Writing a Conclusion
How do I write an effective conclusion?
- Reassess your argument.
- End with a call to action. Ask your readers to take a stand on the issue you have discussed.
- Use a rhetorical question that asks your reader to reconsider the argument presented in the body of your paper.
- Use a quotation that illustrates your argument/claim clearly and vividly.
A good conclusion should do more than simply end the discussion. The reader should not feel that the paper ends suddenly, without warning. The closing paragraph ought to quickly summarize the paper, while also providing a thought, claim, suggestion, or speculation pertaining to the points made in the paper. It should not be a duplicate of the introduction, but rather a reassessment of the thesis stated in the introductory paragraph. In this way, it gives the reader, and the writer, a chance to see if the thesis was properly stated and supported throughout the paper.
Be sure to avoid coming to a sudden stop:
- Provide clues to the audience that you are beginning to end your discussion of the topic. If you provided a clearly stated thesis in your introduction, the reader ought to recognize when you have covered your final point and are now concluding.

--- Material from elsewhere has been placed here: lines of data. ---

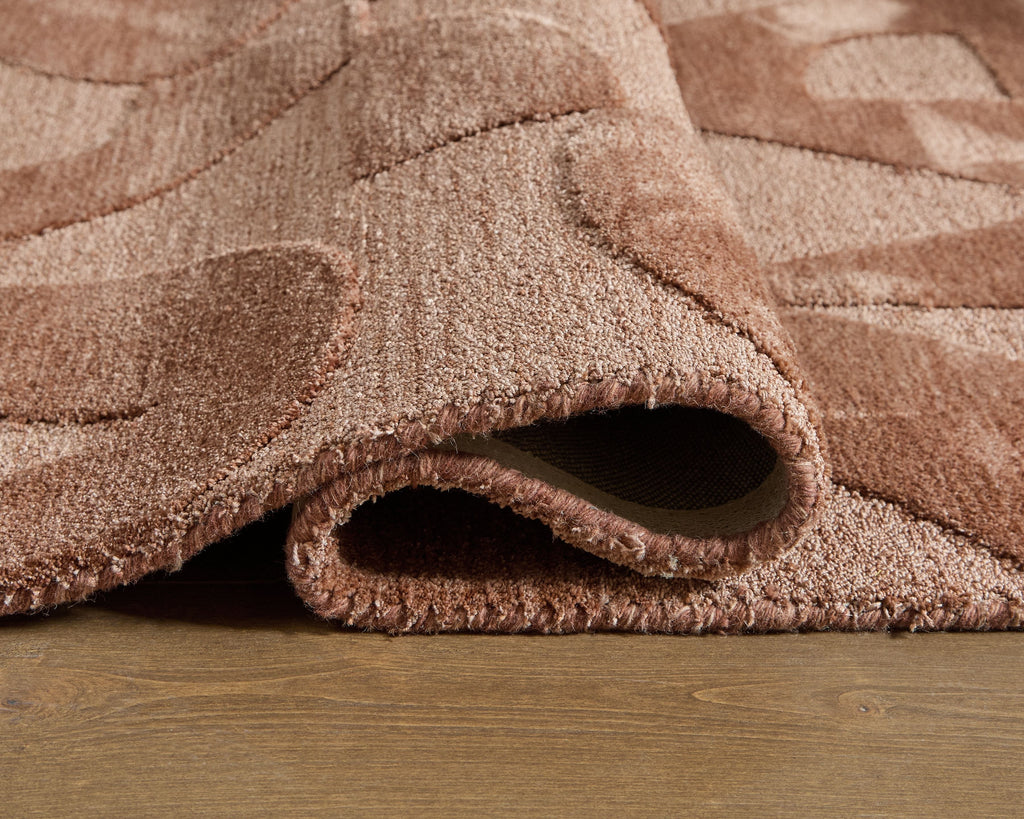 Perrenton Area Rug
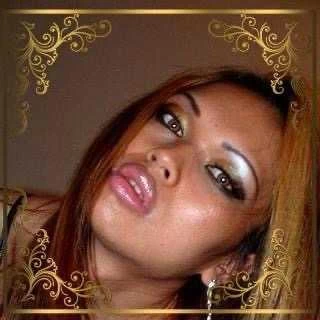 Photo 1 of massage or domination 4373741636 noriko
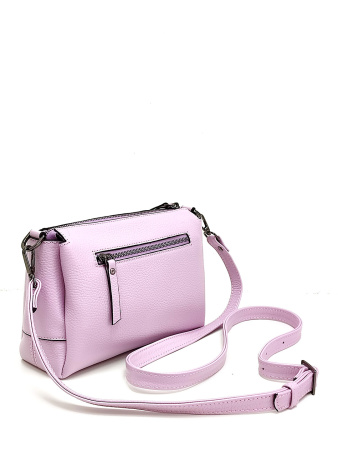 Сэтчел Tony Bellucci tbe0707-440 vitello lila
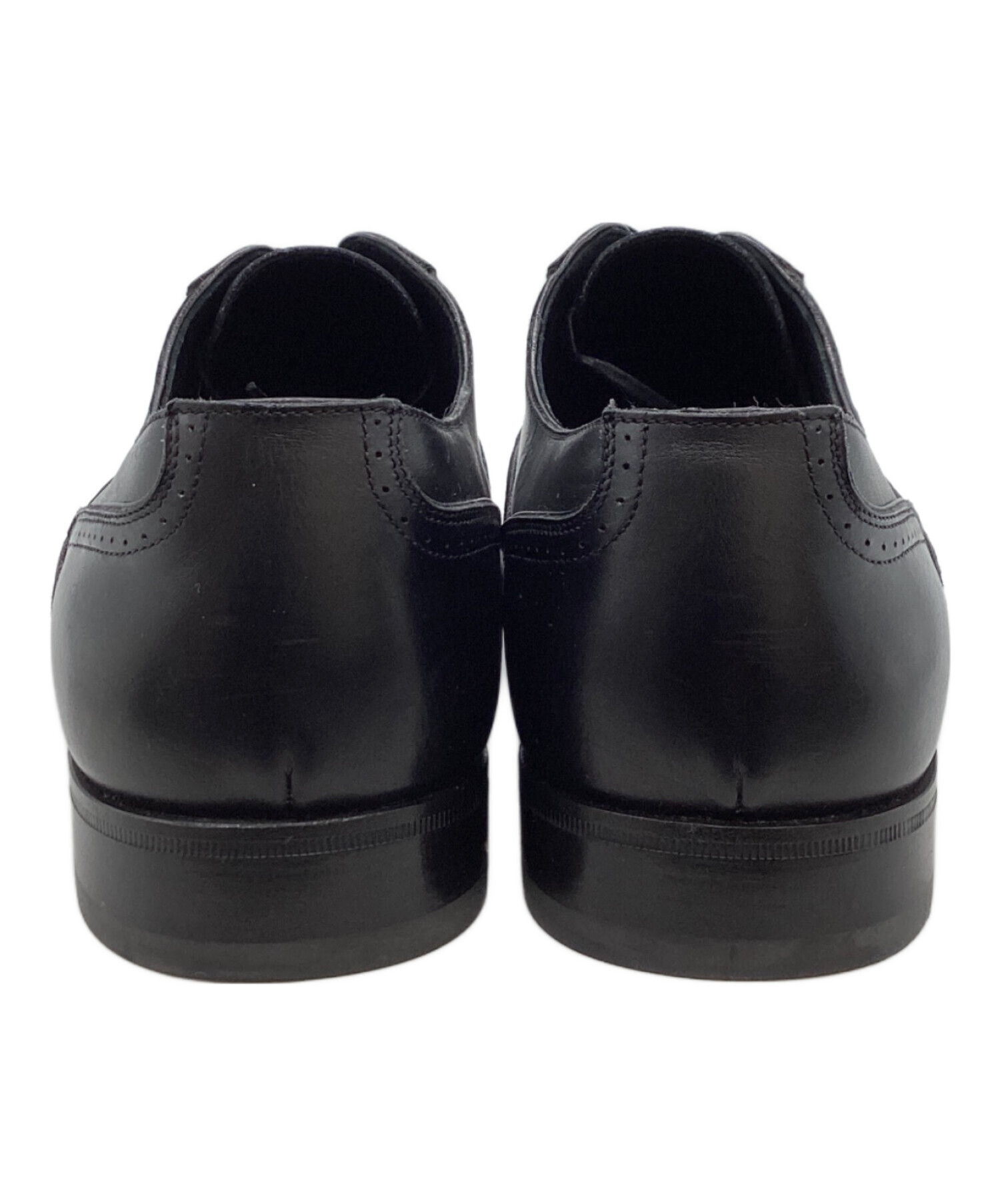 中古・古着通販】Salvatore Ferragamo (サルヴァトーレ フェラガモ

- Avoid any obvious statements such as "In conclusion...," or "In closing, I would like to...."
Reassess the thesis statement:
- Briefly summarize the points made in your paper.
- As the introduction provided a guideline for the discussion, the conclusion reaffirms that this was supported logically.
- Do not attempt to add any assertions or topics that were not clearly discussed in the body of the paper.
- Avoid unreasonable conclusions that have not been supported and developed in the paper.
Include a closing thought or statement:
- Instruct the reader, if necessary, about an action that might be taken.
- A rhetorical question, to emphasize your main point, may be useful.
- It may be helpful to end with a personal statement about the relevance of topic to your own life, to encourage the readers to see the relevance of it to theirs as well.
- You might speculate on the possible outcome of an ongoing debate/issue.
- Remember, the goal of the conclusion is to leave your reader thinking about the entirety of your argument, weighing your essay and determining their response to it.